When the PMU LBR is running in branch-sensitive mode,
'perf_snapshot_branch_stack()' may capture branch entries from the
trampoline entry up to the call site inside a BPF program. These branch
entries are not useful for analyzing the control flow of the tracee.
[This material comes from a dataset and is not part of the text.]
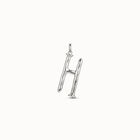 Large H initial charm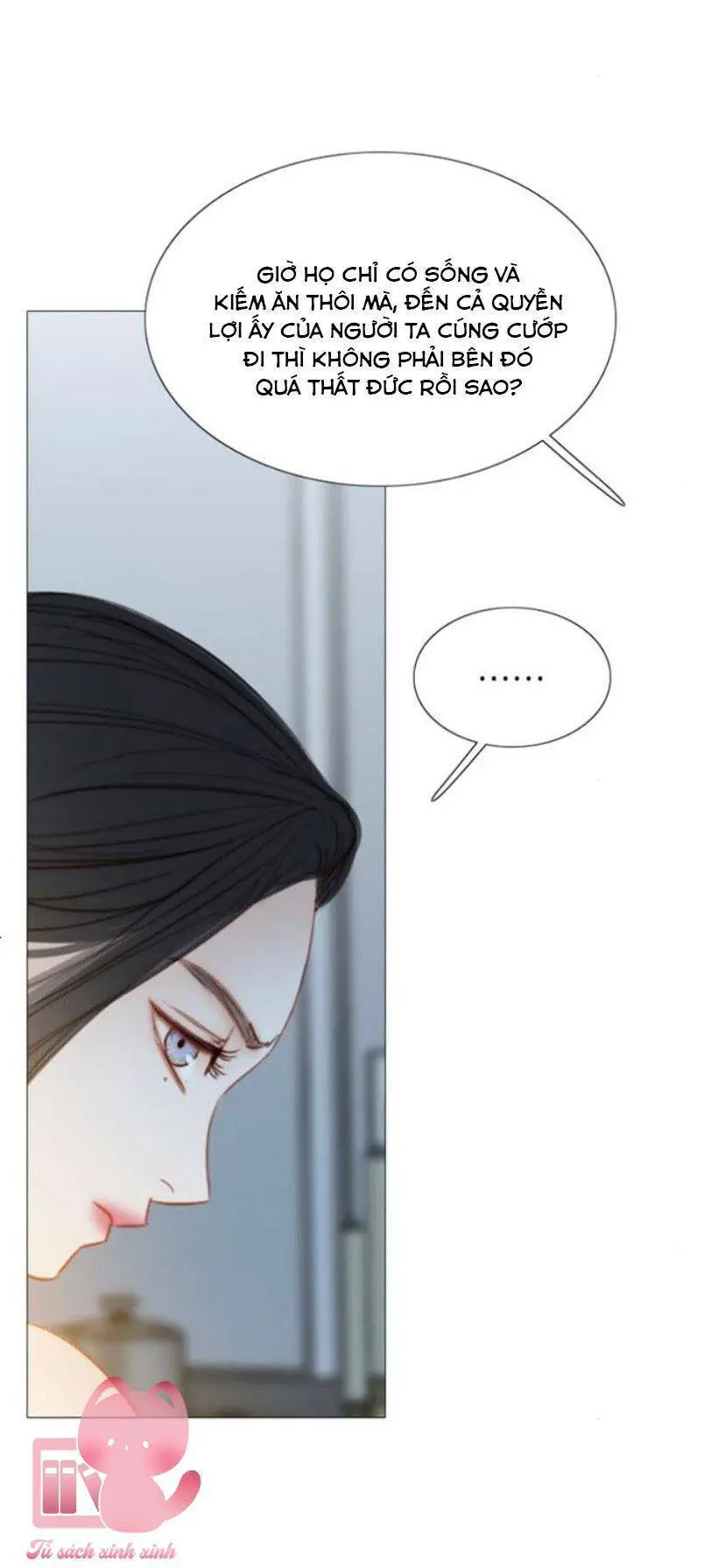 Serena Nettruyen ZZZ Chương 17 Page 11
To eliminate such noise for tracing programs, the branch snapshot should
be taken as early as possible:

* Call 'perf_snapshot_branch_stack()' at the very beginning of the
  trampoline for fentry programs.
* Call 'perf_snapshot_branch_stack()' immediately after invoking the
  tracee for fexit programs.

With this change, LBR snapshots remain meaningful even when multiple BPF
programs execute before the one requesting LBR data.

In addition, more relevant branch entries can be captured on AMD CPUs,
which provide a 16-entry-deep LBR stack.

Signed-off-by: Leon Hwang <leon.hwang@linux.dev>
---
 arch/x86/net/bpf_jit_comp.c | 66 +++++++++++++++++++++++++++++++++++++
 include/linux/bpf.h         | 16 ++++++++-
 2 files changed, 81 insertions(+), 1 deletion(-)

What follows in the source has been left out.